Depois, guloso e tentado, offereci-lhe um drachma por todos os figos que coubessem no forro largo d'um turbante. O homem levou as mãos ao seio da tunica, para a despedaçar na immensidade da sua humilhação. E ia invocar

Jehovah, Elias, todos os Prophetas seus patronos--quando o sapiente

Topsius, enojado, interveio seccamente, mostrando-lhe uma miuda rodella de ferro que tinha por cunho um lirio aberto: --Na verdade Jehovah é grande! E tu és ruidoso e vazio como o ôdre cheio de vento! Pois pelos figos do cesto inteiro te dou eu este meah. E se não queres, conheço o caminho dos hortos tão bem como o do Templo, e sei onde as aguas dôces de Enrogel banham os melhores pomares... Vai-te!

O homem logo, trepando anciosamente até ao parapeito de marmore, atulhou de figos a ponta do albornoz que eu lhe estendera, carrancudo e digno.

Depois, descobrindo os dentes brancos, murmurou risonhamente que nós eramos mais beneficos que o orvalho do Carmello!

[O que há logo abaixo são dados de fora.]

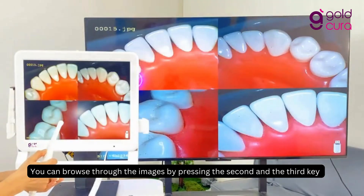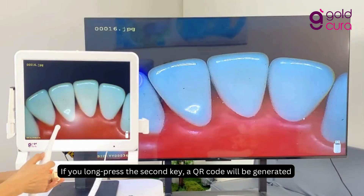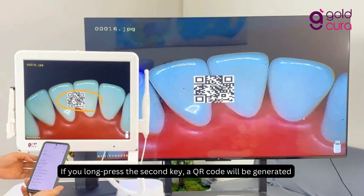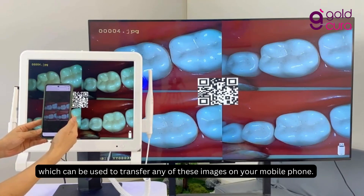You can browse through the images by pressing the second and third key, and if you want to delete any image or video, just long-press the third key. If you long-press the second key, a QR code will be generated, which can be used to transfer any of these images to your mobile phone.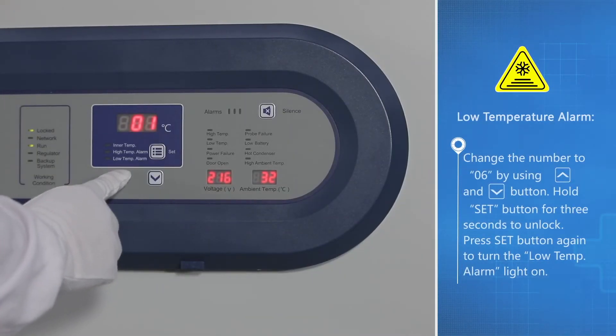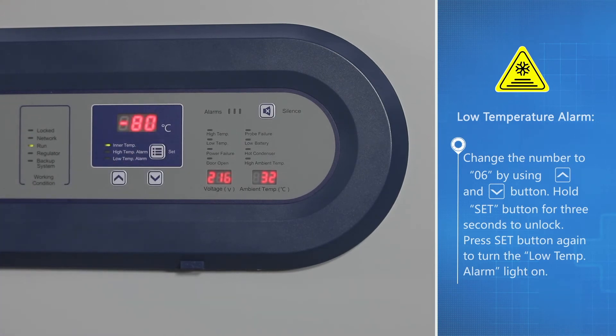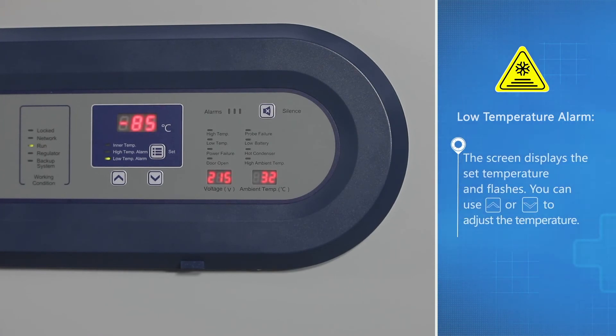Low-temperature alarm: change the number 206 by using the up button and down button. Hold the set button for three seconds to unlock. Press the set button again to turn the low temp alarm light on; the screen displays the set temperature and flashes.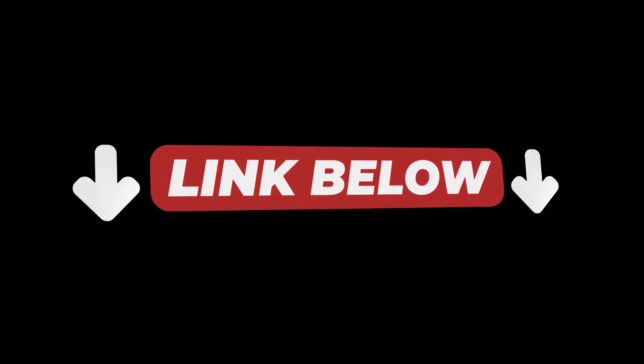Do me a favor — hit the like button if this helped, and use the link below to make sure you get the exact model I used in this video. Take care.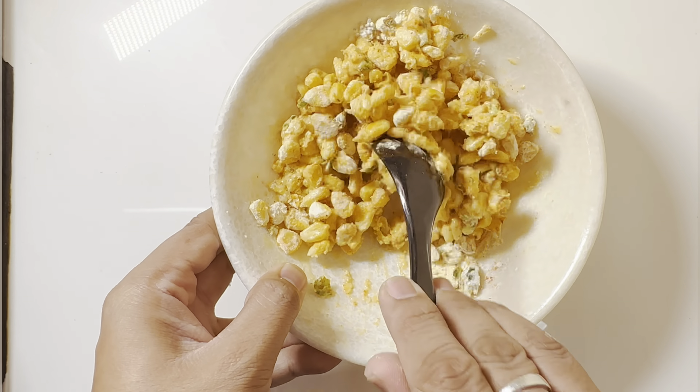Next, we will fry our corn on the plate.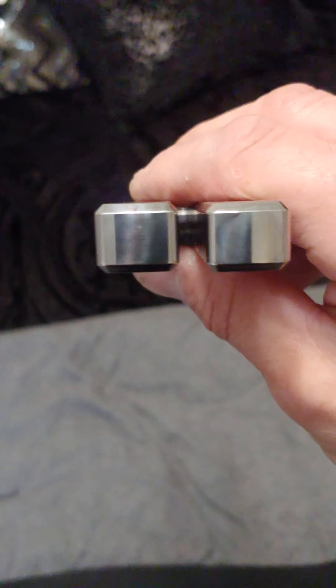Yeah, I like it. I didn't like it when I first got it — it's a big old hideous hunk of metal — but when it's polished up, it looks good.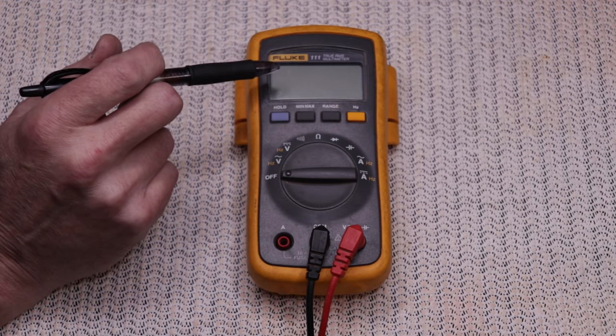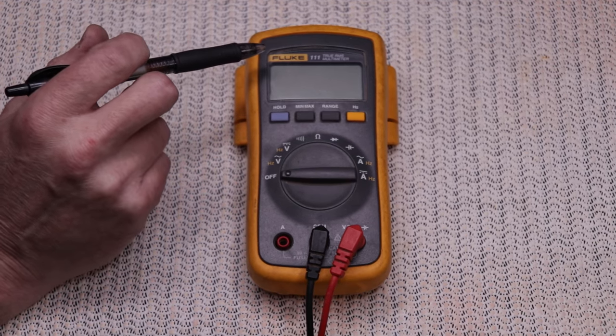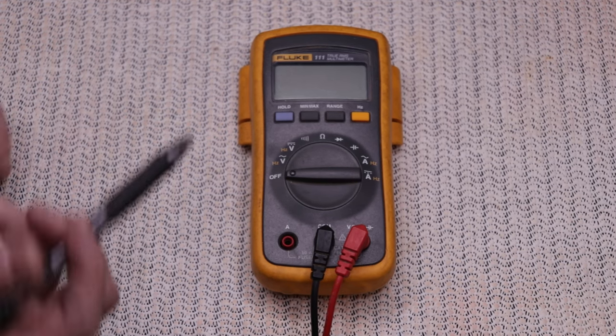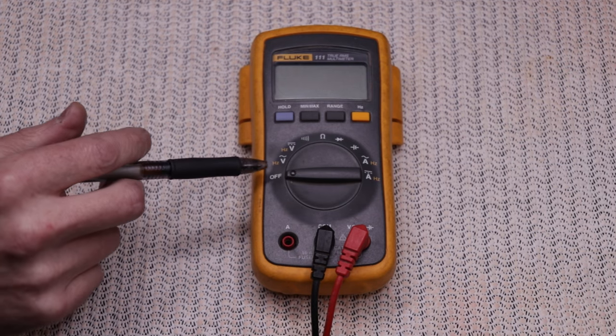The buttons at the top are features specific to this model: a hold button locks whatever reading is on the display; minimum and maximum lock in the min and max values of a fluctuating signal; a range button locks the meter into a specific measurement range, like dropping an automatic transmission into second gear. Because this is an auto-ranging meter, it automatically determines the scale. The last button is labeled Hertz, which lets you check frequencies of AC signals — if you plug into line voltage and push Hertz, it shows 60 cycles per second, which is what the power company delivers.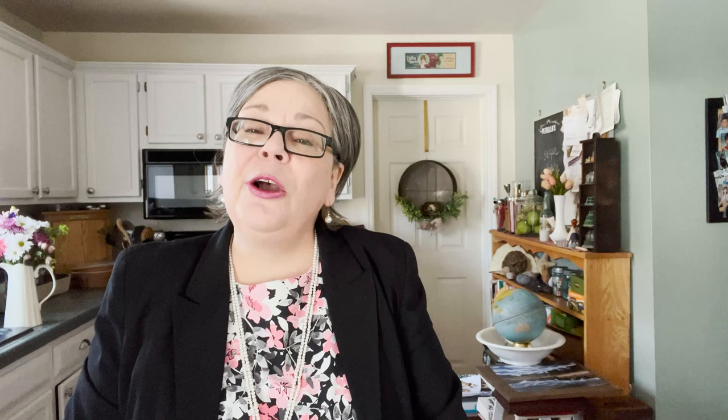That's it for my antique finds at the amazing Central Pennsylvania Antique Mall — I can't wait to get back. My father-in-law is turning ninety this year in June, so we'll be headed back for sure. I hope you enjoyed seeing my finds, and as always, happy hunting. I'll see you in the next one.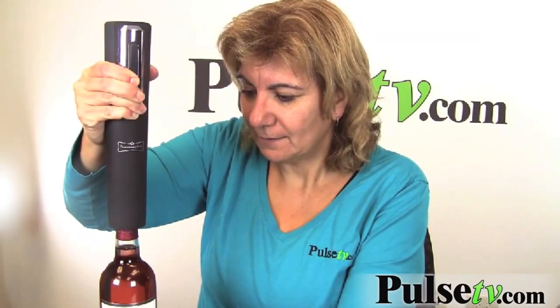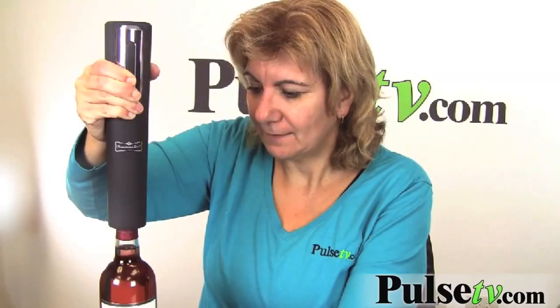Let me show you how easy it is to open this bottle. Just put it on here — you want to hold the bottle — go all the way down, keep holding it, and then it comes out. Look at that, it's there!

Saborosa e rara me parecia aquella merenda de figos de Bephtagé, no palacio de Herodes. Mas apenas nos accommodáramos com a fruta no regaço, reparei em baixo n'um velhito magro, que cravava em nós humildemente uns olhos ennevoados, queixosos, cheios de cansaço. Compadecido ia arremessar-lhe figos e uma moeda de prata dos Ptolomeus--quando elle, mergulhando a mão tremula nos farrapos que mal lhe velavam o peito cabelludo, estendeu-me, com um sorriso macerado, uma pedra que reluzia.

Era uma placa oval d'alabastro tendo gravada uma imagem do Templo. E emquanto Topsius doutamente a examinava, o velho foi tirando do seio outras pedras de marmore, d'onyx, de jaspe, com representações do

Tabernaculo no deserto, os nomes das tribus entalhados, e figuras confusas em relevo simulando as batalhas dos Machabeus... Depois ficou com os braços cruzados; e no seu pobre rosto escavado pelos cuidados luzia uma anciedade, como se de nós sómente esperasse misericordia e descanso.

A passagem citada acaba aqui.